━━ Input for this task ━━

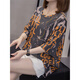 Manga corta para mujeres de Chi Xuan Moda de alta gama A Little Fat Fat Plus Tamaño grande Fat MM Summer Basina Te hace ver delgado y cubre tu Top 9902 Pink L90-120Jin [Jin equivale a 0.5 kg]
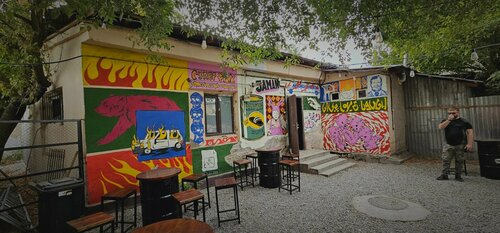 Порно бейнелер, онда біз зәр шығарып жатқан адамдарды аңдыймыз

━━━
━━ Input for this task ━━

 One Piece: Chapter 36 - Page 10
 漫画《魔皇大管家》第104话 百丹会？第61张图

━━━
━━ Input for this task ━━

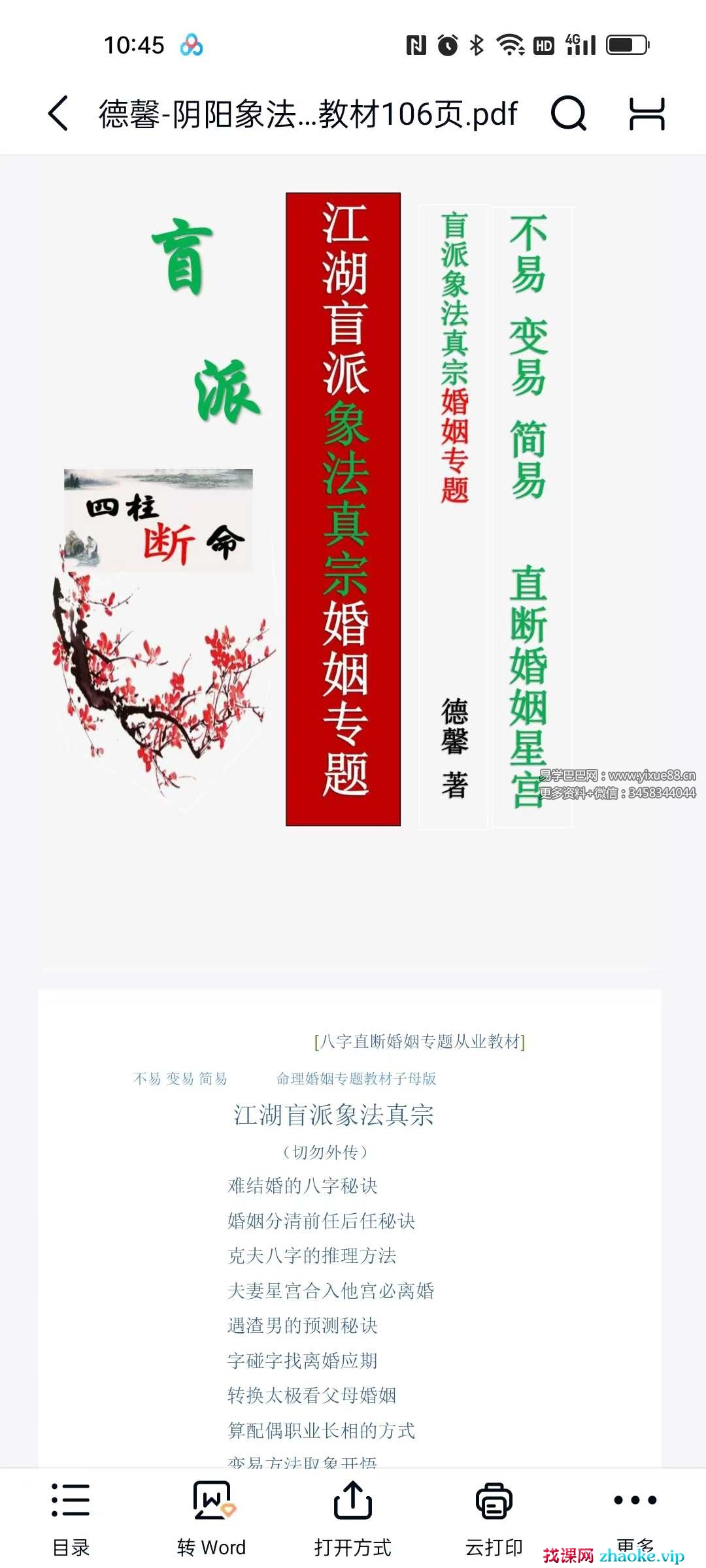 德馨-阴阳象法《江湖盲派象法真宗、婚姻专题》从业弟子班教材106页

━━━

→ Task to carry out
Output exactly one stretch of the listing: from the line containing "One Piece: Chapter 36 - Page 10" through the line containing "漫画《魔皇大管家》第104话 百丹会？第61张图", both end lines included.

→ Written response
 One Piece: Chapter 36 - Page 10
 漫画《魔皇大管家》第104话 百丹会？第61张图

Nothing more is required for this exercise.